#### [What is expected]
The reply should contain all the data below, repeated exactly, and none of the images.

(Data extract)

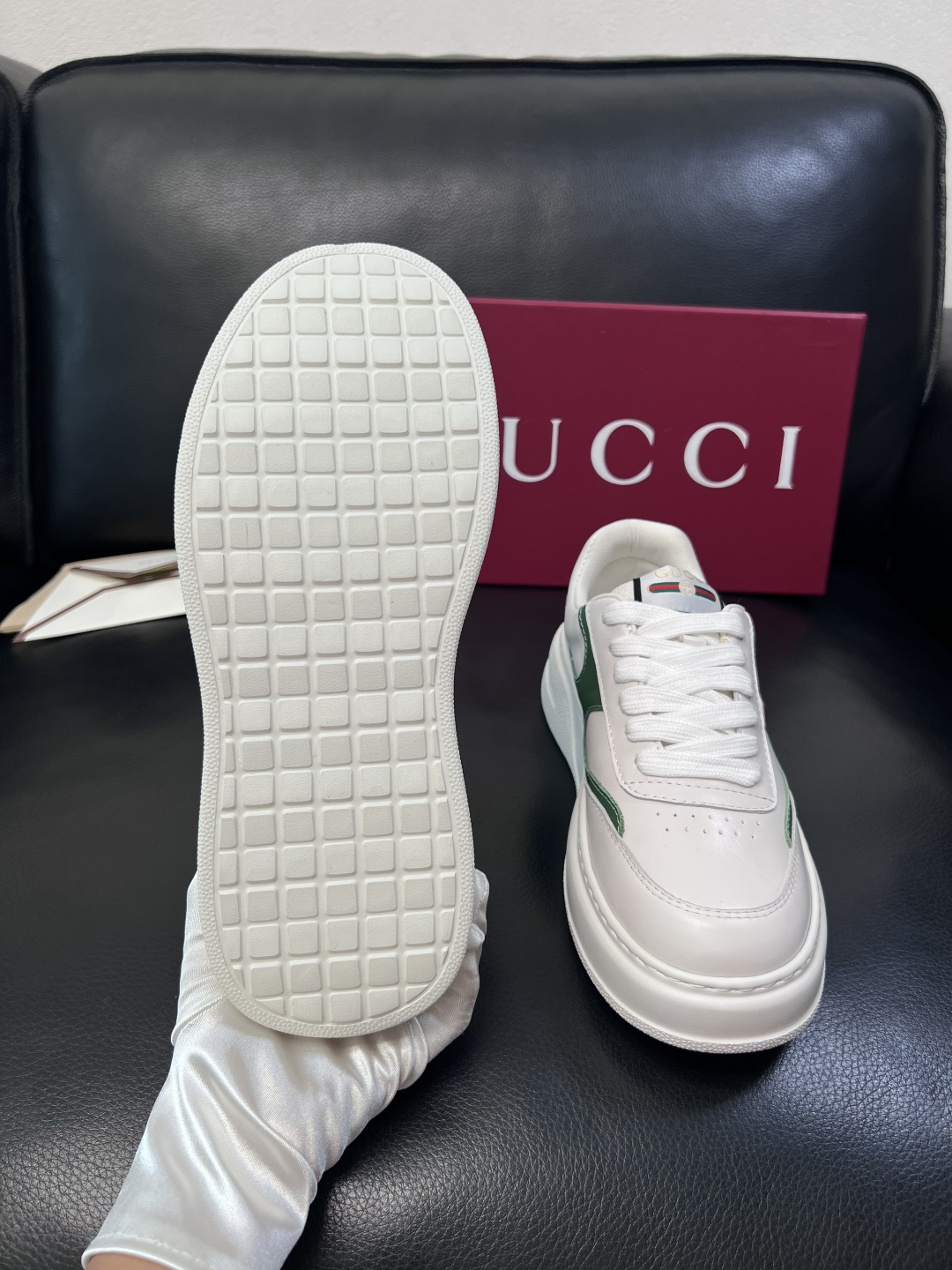 Gucci  高品质  顶级工艺品  古奇  专柜新款原厂配置，意大利进口牛皮搭配印花布面料，进口牛皮内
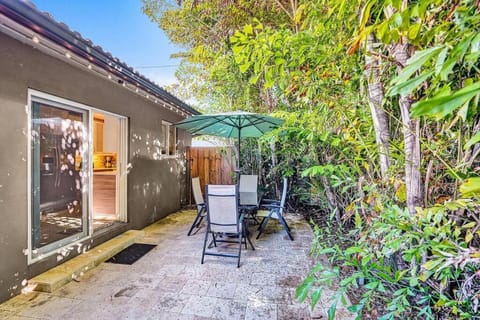 Heated pool, parking, 5 min walk to food and fun! House in Wilton Manors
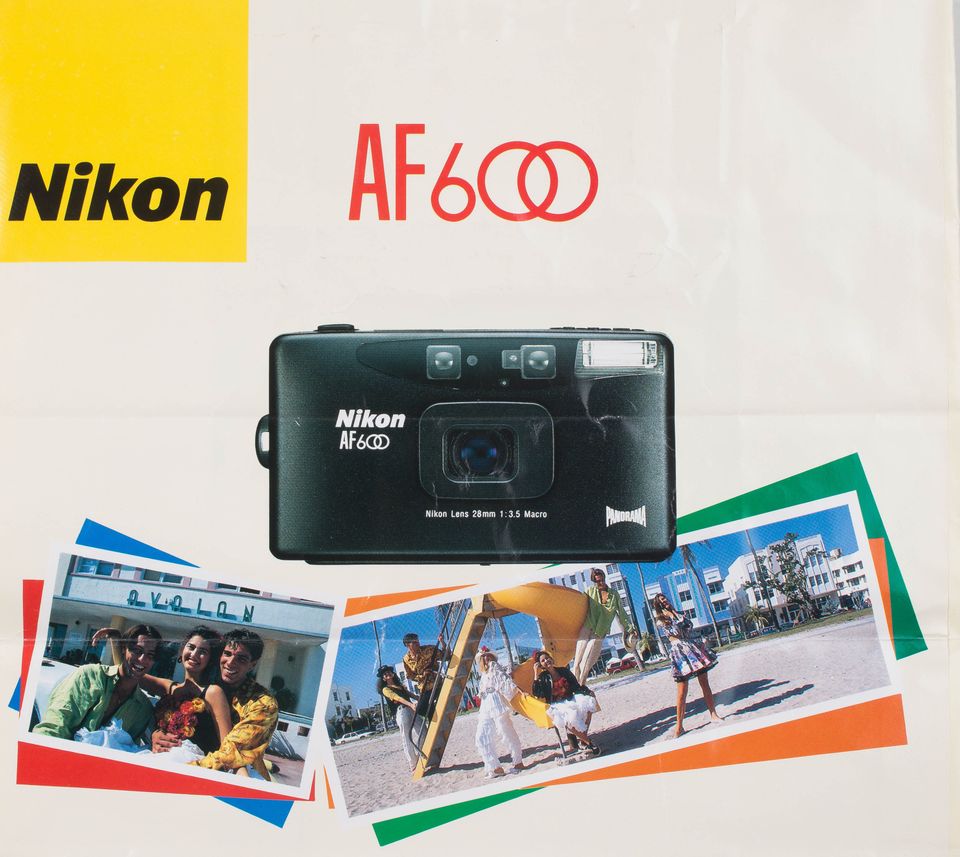 Nikon AF600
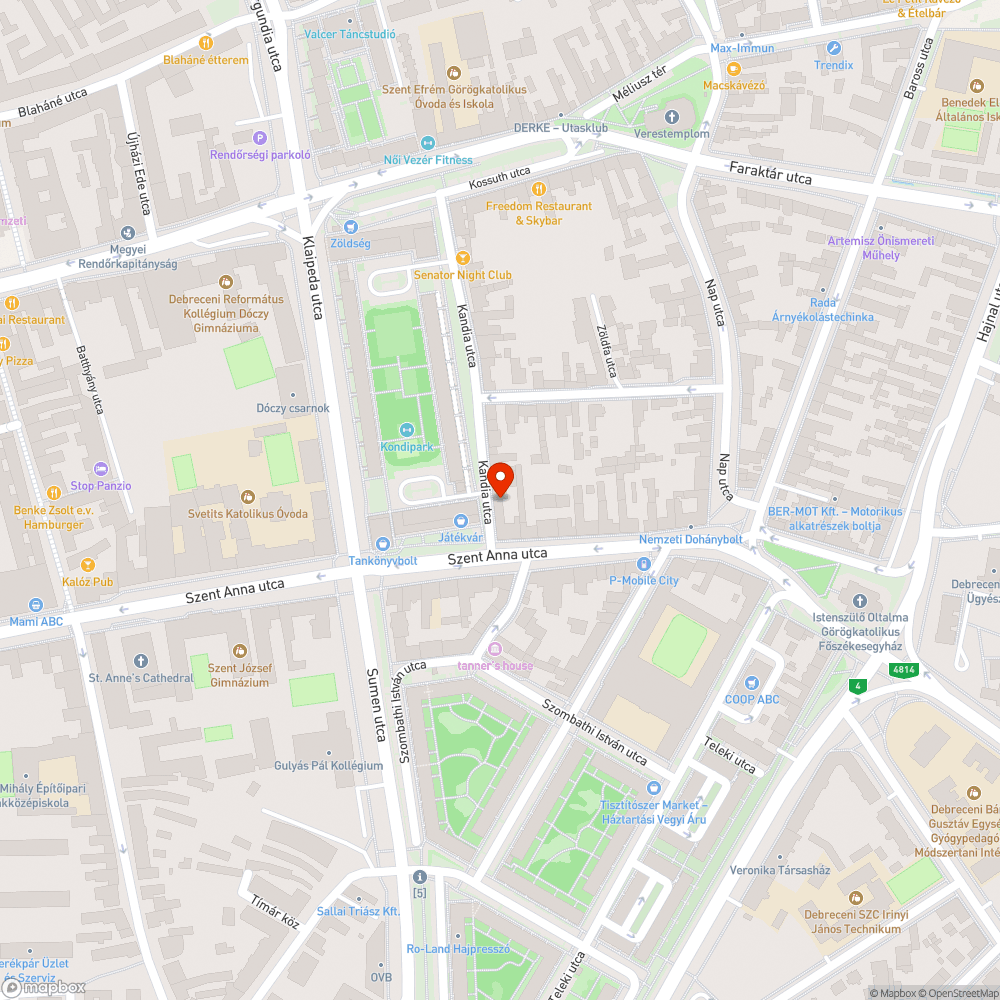 Debrecen Szent Anna utca Kandia sarkán  es a Kandia utca elején kivágtak négy több mint egy méteres törzsű fát. bejelentés helye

(End Data extract)

#### [Answer space]
 Gucci  高品质  顶级工艺品  古奇  专柜新款原厂配置，意大利进口牛皮搭配印花布面料，进口牛皮内
 Heated pool, parking, 5 min walk to food and fun! House in Wilton Manors
 Nikon AF600
 Debrecen Szent Anna utca Kandia sarkán  es a Kandia utca elején kivágtak négy több mint egy méteres törzsű fát. bejelentés helye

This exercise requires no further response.